We also updated our supplemental schedules to enhance the revenue and operating metric transparency by channel and customer type. Finally, we are providing pro forma adjusted free cash flow, defined as adjusted OIBDA, excluding non-cash pension expense, non-cash stock compensation expense and restructuring expense, which is the framework used to provide our annual free cash flow guidance in February of this year. We will make references to these pro forma results including the year-over-year comparisons during our call.

Participating in our call this morning are Jeff Gardner, Windstream President and Chief Executive Officer; Brent Whittington, Windstream Executive Vice President and Chief Operating Officer; and Tony Thomas, Windstream Chief Financial Officer. At the end of the call, we will take a few questions. With that, here is Jeff Gardner.

Jeff Gardner

Thank you, Rob, and good afternoon, everyone. This afternoon, I will make a few comments about our performance and provide an update on our strategic initiatives. Brent will then discuss our operating results, and Tony will review our financial performance.

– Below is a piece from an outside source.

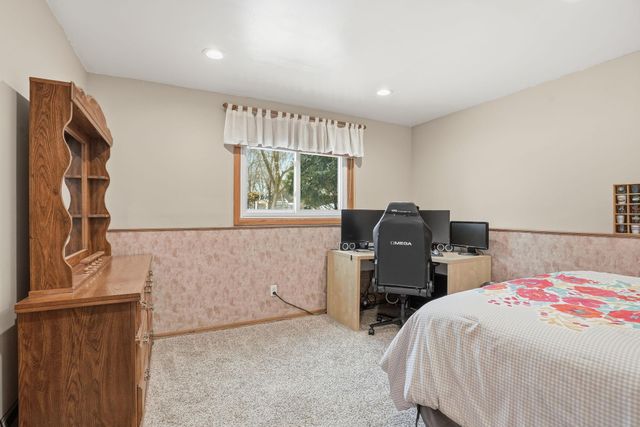 7717 118th Way N, Champlin, MN 55316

First, I am very pleased with our results for the first quarter. We continued to make improvements in many key operating metrics and delivered very solid financial results, with improving revenue trends, which is very important to sustaining cash flows over the long term.

Additionally, our teams are progressing extremely well with our integration efforts, which all remained on track and in line with our expectations. During the first quarter, we completed the NuVox acquisition, acquiring approximately 104,000 business connections in complementary markets in 16 states.

NuVox is a great strategic fit for Windstream. As this transaction bolsters our strategy to focus more on the business segment, which offers better growth prospects going forward. We are very excited to have the NuVox team on board, and look forward to the future opportunities that this transaction creates for our combined company.

Additionally, we are progressing nicely with the approvals required to close the acquisition of Iowa Telecom. During the quarter, the Iowa Telecom shareholders approved the transaction. And just last week, we obtained the remaining state approvals necessary to proceed with the closing. Thus at this point, we are only waiting for FCC approval. It is our expectation that this transaction will close by the end of the second quarter.

Turning to the regulatory front. We were encouraged by the FCC's National Broadband Plan. Released in March and believed the plan appears to be focused on the right issues, while acknowledging reforms need to be manageable with appropriate time to transition. The plan was a positive first step and now the challenge will be working through the rule-making process to ultimately implement the recommendation.

Windstream shares the core goal of making robust broadband available to everyone and the National Broadband Plan's recognition that this goal cannot be achieved without effective reform of universal service and intercarrier compensation. In March, we applied for $238 million in federal stimulus grants to expand broadband availability and offer faster broadband speeds to more than 500,000 homes and 80,000 businesses in the rural areas of 16 states.